Task to complete: Copy the following listing word for word.

Data to use:
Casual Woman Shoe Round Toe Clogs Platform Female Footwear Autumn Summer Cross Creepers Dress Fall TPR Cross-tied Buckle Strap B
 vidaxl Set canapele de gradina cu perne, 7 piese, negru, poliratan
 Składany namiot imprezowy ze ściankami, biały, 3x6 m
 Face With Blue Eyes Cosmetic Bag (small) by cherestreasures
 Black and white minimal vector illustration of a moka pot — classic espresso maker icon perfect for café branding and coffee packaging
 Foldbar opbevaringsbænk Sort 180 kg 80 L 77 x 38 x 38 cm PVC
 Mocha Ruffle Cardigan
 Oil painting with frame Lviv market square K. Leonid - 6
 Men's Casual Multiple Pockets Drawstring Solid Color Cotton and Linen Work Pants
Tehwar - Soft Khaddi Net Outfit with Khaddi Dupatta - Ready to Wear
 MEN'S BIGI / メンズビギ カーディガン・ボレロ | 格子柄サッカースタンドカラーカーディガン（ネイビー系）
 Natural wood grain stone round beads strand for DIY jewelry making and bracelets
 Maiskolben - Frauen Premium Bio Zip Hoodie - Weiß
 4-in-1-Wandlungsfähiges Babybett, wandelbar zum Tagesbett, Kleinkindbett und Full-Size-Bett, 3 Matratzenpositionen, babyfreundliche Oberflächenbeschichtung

The completed task:
Casual Woman Shoe Round Toe Clogs Platform Female Footwear Autumn Summer Cross Creepers Dress Fall TPR Cross-tied Buckle Strap B
 vidaxl Set canapele de gradina cu perne, 7 piese, negru, poliratan
 Składany namiot imprezowy ze ściankami, biały, 3x6 m
 Face With Blue Eyes Cosmetic Bag (small) by cherestreasures
 Black and white minimal vector illustration of a moka pot — classic espresso maker icon perfect for café branding and coffee packaging
 Foldbar opbevaringsbænk Sort 180 kg 80 L 77 x 38 x 38 cm PVC
 Mocha Ruffle Cardigan
 Oil painting with frame Lviv market square K. Leonid - 6
 Men's Casual Multiple Pockets Drawstring Solid Color Cotton and Linen Work Pants
Tehwar - Soft Khaddi Net Outfit with Khaddi Dupatta - Ready to Wear
 MEN'S BIGI / メンズビギ カーディガン・ボレロ | 格子柄サッカースタンドカラーカーディガン（ネイビー系）
 Natural wood grain stone round beads strand for DIY jewelry making and bracelets
 Maiskolben - Frauen Premium Bio Zip Hoodie - Weiß
 4-in-1-Wandlungsfähiges Babybett, wandelbar zum Tagesbett, Kleinkindbett und Full-Size-Bett, 3 Matratzenpositionen, babyfreundliche Oberflächenbeschichtung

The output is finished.